● Records:
○ ○ ○ ○

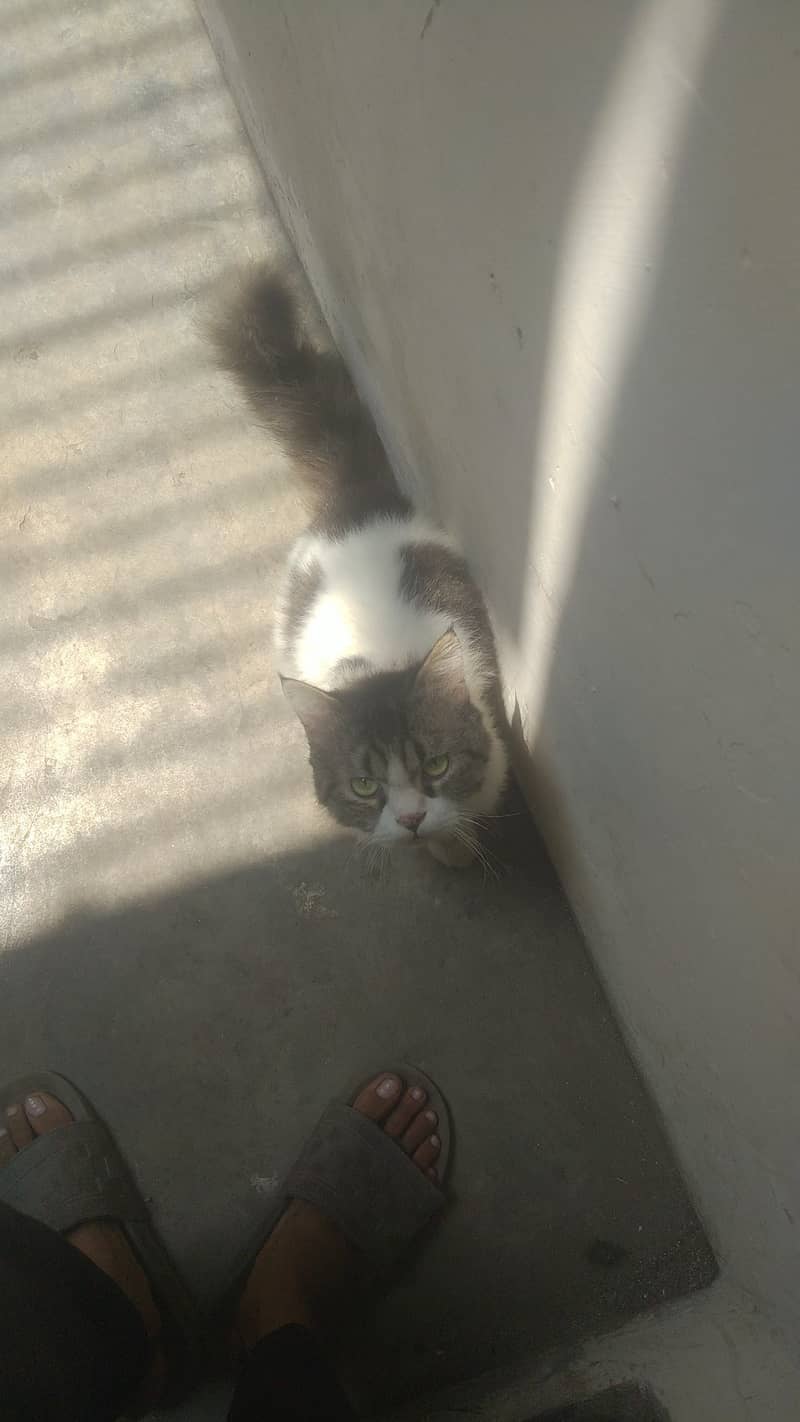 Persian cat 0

○ ○ ○ ○

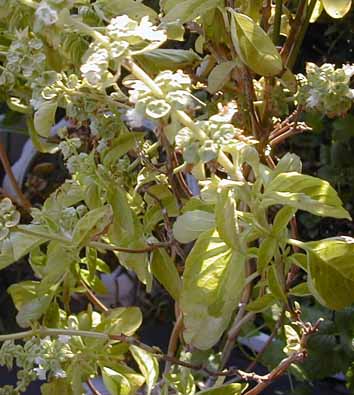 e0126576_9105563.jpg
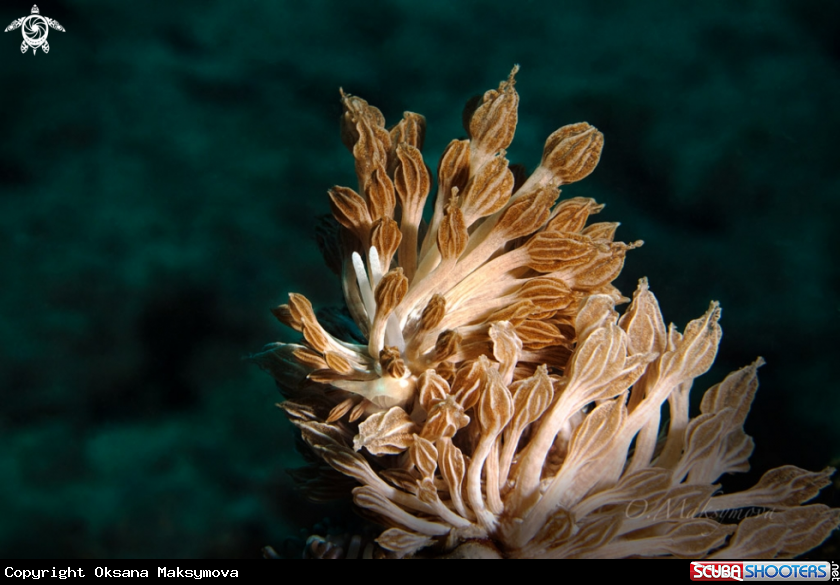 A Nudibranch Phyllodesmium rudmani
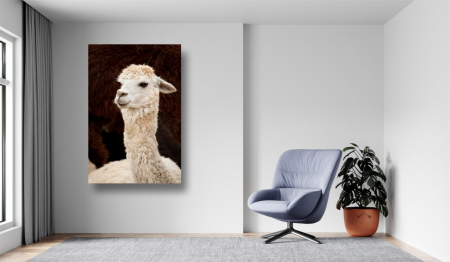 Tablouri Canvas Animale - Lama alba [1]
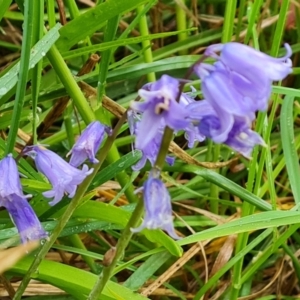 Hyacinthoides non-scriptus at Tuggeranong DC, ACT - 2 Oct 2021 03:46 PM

○ ○ ○ ○

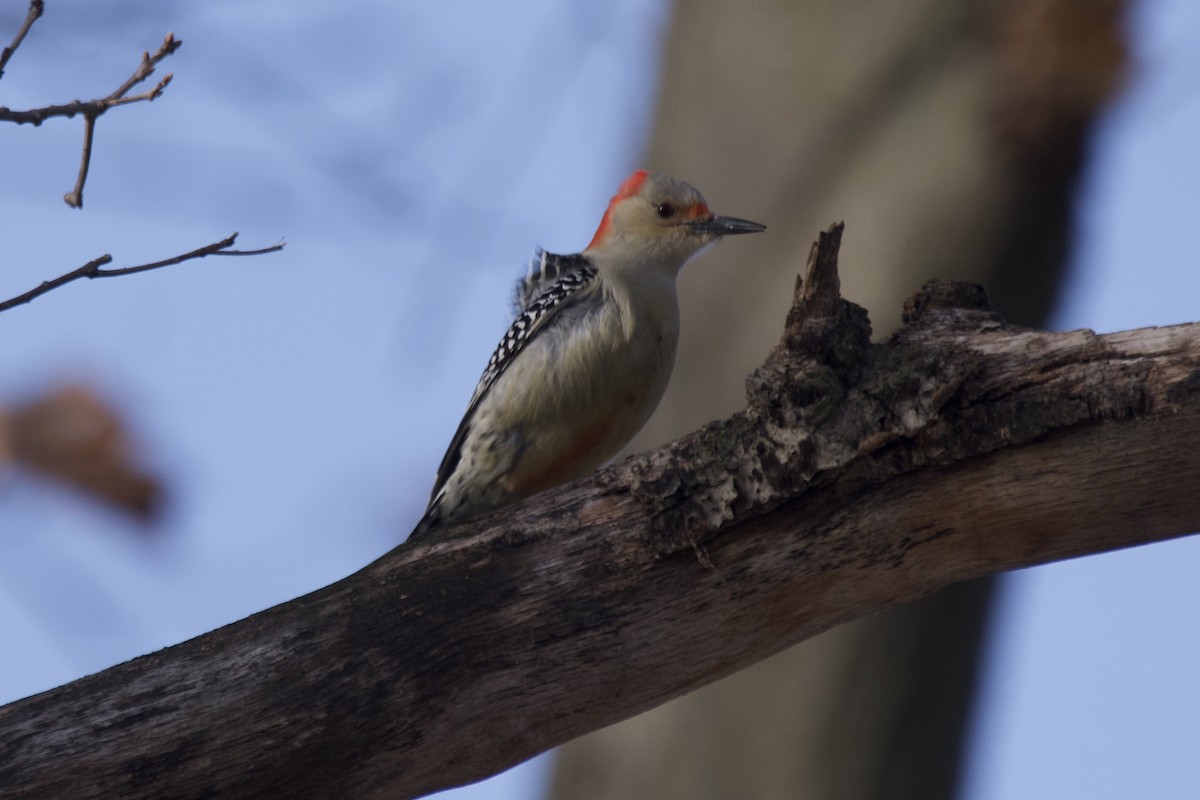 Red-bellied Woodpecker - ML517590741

○ ○ ○ ○

● Work to be completed:
What you need to produce is an exact copy of the entries above, limited to the lines from the one with "A Nudibranch Phyllodesmium rudmani" up to and including the one with "Hyacinthoides non-scriptus at", without pictures.

● Response below:
 A Nudibranch Phyllodesmium rudmani
 Tablouri Canvas Animale - Lama alba [1]
 Hyacinthoides non-scriptus at Tuggeranong DC, ACT - 2 Oct 2021 03:46 PM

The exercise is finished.